- Data provided
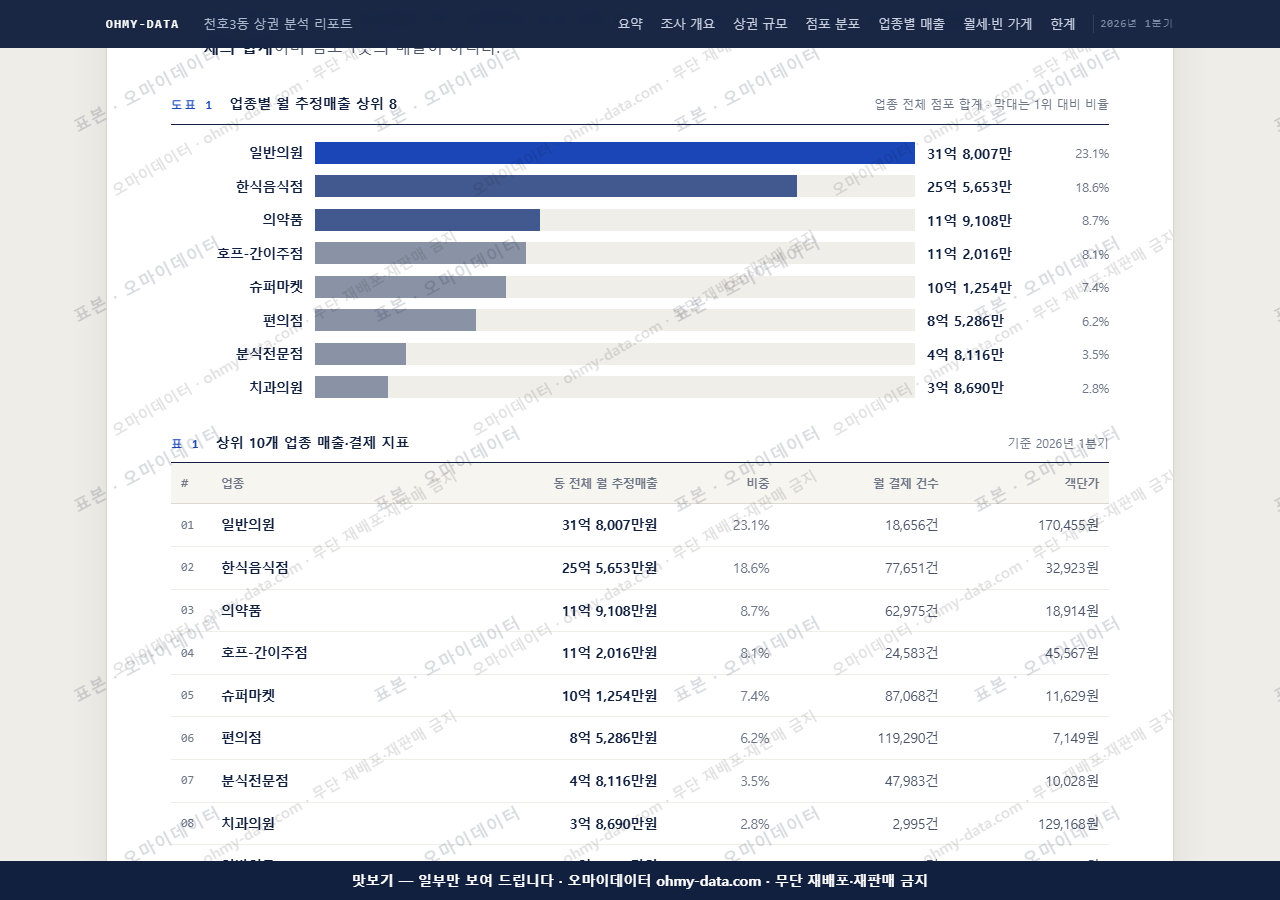천호3동 천호3동_맛보기1.png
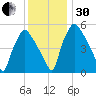 Norwood City tide chart for Wednesday, November 30, 2022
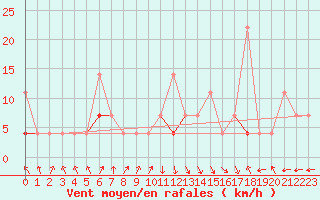 Courbe de la force du vent pour Fister Sigmundstad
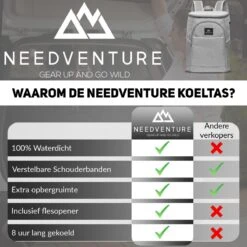 Needventure Koeltas - Lunchtas - Koelrugtas - Picknicktas - 20 Liter - Flessenhouder - Bieropener - Grijs 17 Needventure Koeltas - Lunchtas - Koelrugtas - Picknicktas - 20 Liter - Flessenhouder - Bieropener - Grijs -Gekoelde Tassen Winkel 1200x1200 194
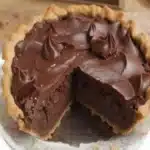 Old Fashioned Chocolate Pie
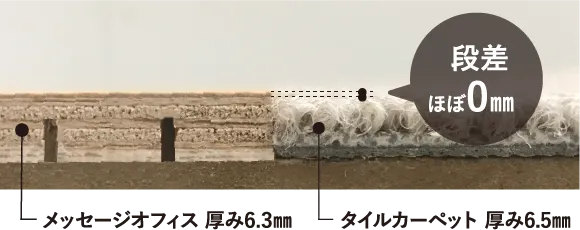 こんな床のトラブル | 朝日ウッドテック 非住宅フローリング MESSAGE(メッセージ)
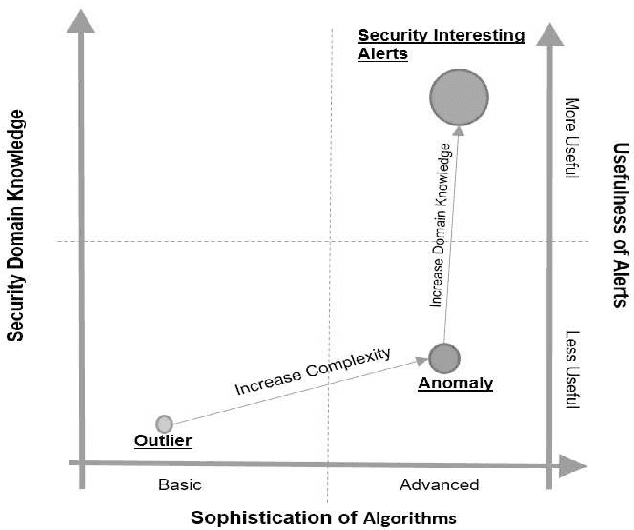 Figure 2 for Practical Machine Learning for Cloud Intrusion Detection: Challenges and the Way Forward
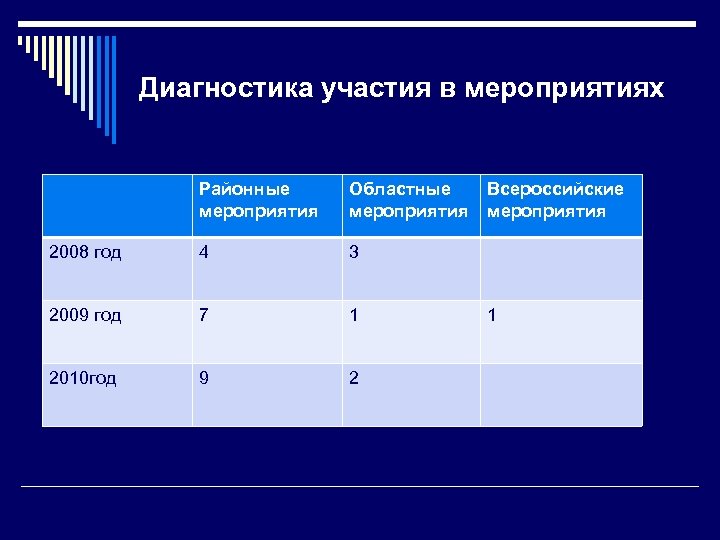 Диагностика участия в мероприятиях Районные мероприятия Областные мероприятия 2008 год 4 3 2009 год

- Activity
The copy has to start at the line that contains "Figure 2 for" and end at the last line of the material above, matching the original exactly and holding no pictures.

- Solution
 Figure 2 for Practical Machine Learning for Cloud Intrusion Detection: Challenges and the Way Forward
 Диагностика участия в мероприятиях Районные мероприятия Областные мероприятия 2008 год 4 3 2009 год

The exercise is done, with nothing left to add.